Le point fort du jeu vient de son ambiance sonore. L’aspect de peur est construit autour des bruits ambiants. Le jour c’est bien, on entend les insectes, les oiseaux, etc, mais une fois la nuit tombée… isssssh, ça se complique. Tout est présent pour foutre la trouille. Les bruits de pas, Bullet qui aboie et qui semble avoir peur, les arbres qui craquent, chaque petit son, peut faire sursauter. La fameuse musique qui part quand les ennemis attaquent… hummm. En plus des voix que l’on entend et Carver… lui, il jouait son rôle parfaitement, mais me tombait royalement sur les nerfs, de manière positive. D’ailleurs le jeu des acteurs est superbe. On y croit vraiment. Bravo à Bloober Team, je n’avais jamais vécu une telle expérience avec un animal dans un jeu. Bullet réagissait comme un vrai chien et ses sons étaient tellement confondants. Je ne sais pas, si les développeurs ont utilisé la capture de mouvement pour Bullet, mais c’est du tout bon. Dernier conseil, jouez-y avec un casque d’écoute, c’est 100 fois mieux côté immersion.

Même des membres de Bloober Team semblent avoir disparus dans la forêt.

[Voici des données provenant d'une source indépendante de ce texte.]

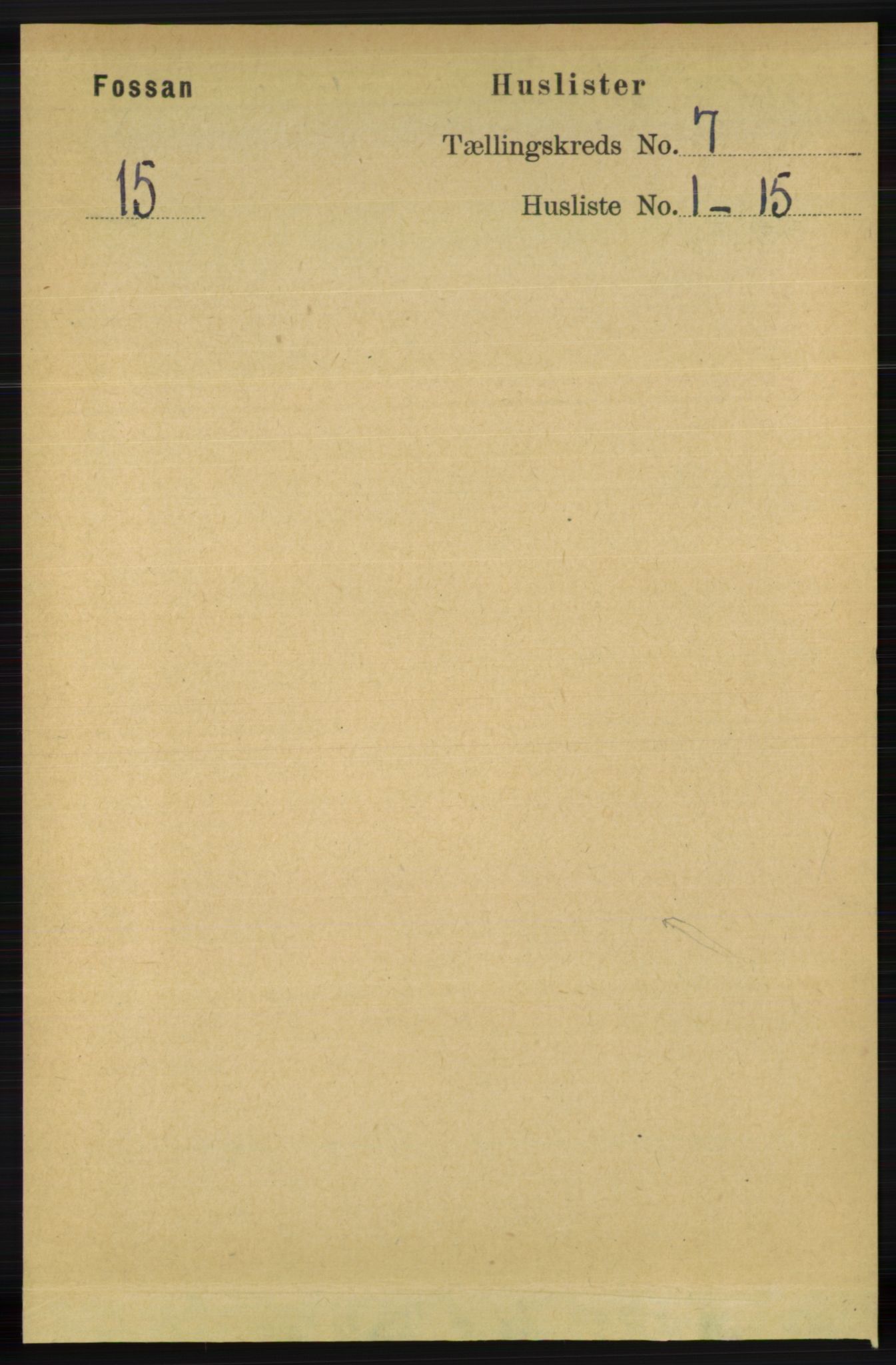 RA, 1891 census for 1129 Forsand, 1891, p. 1189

Au final, étant offert au prix de près de 40$ ou faisant partie du Xbox Game Pass, je ne peux que vous recommander de le jouer, oui c’est sûr, mais également un achat. Ce jeu devient la référence en jeu d’horreur ni plus ni moins.

Cote FG: 9/10

Points positifs:

  • Exploitation parfaite de la licence Blair Witch.
  • Le scénario, on a envie de retrouver le jeune garçon.
  • Bullet et les mécaniques de jeu.
  • L’idée des cassettes vidéo.
  • Un graphisme convaincant.
  • Une ambiance hors norme.
  • Le prix: 40$ pour 10 heures de jeu, c’est parfait.

Points négatifs:

  • Quelques bogues graphiques sans plus.
  • Absence d’une carte pour s’orienter.

Fiche technique:

  • Développé par Bloober Team.
  • Publié par Lionsgate Games.
  • Jeu d’horreur à la troisième personne.
  • Mode solo seulement.
  • Disponible sur PC et Xbox One. (testé sur Xbox One X)
  • Offert en anglais avec sous-titres et menus en français.
  • Version téléchargeable uniquement.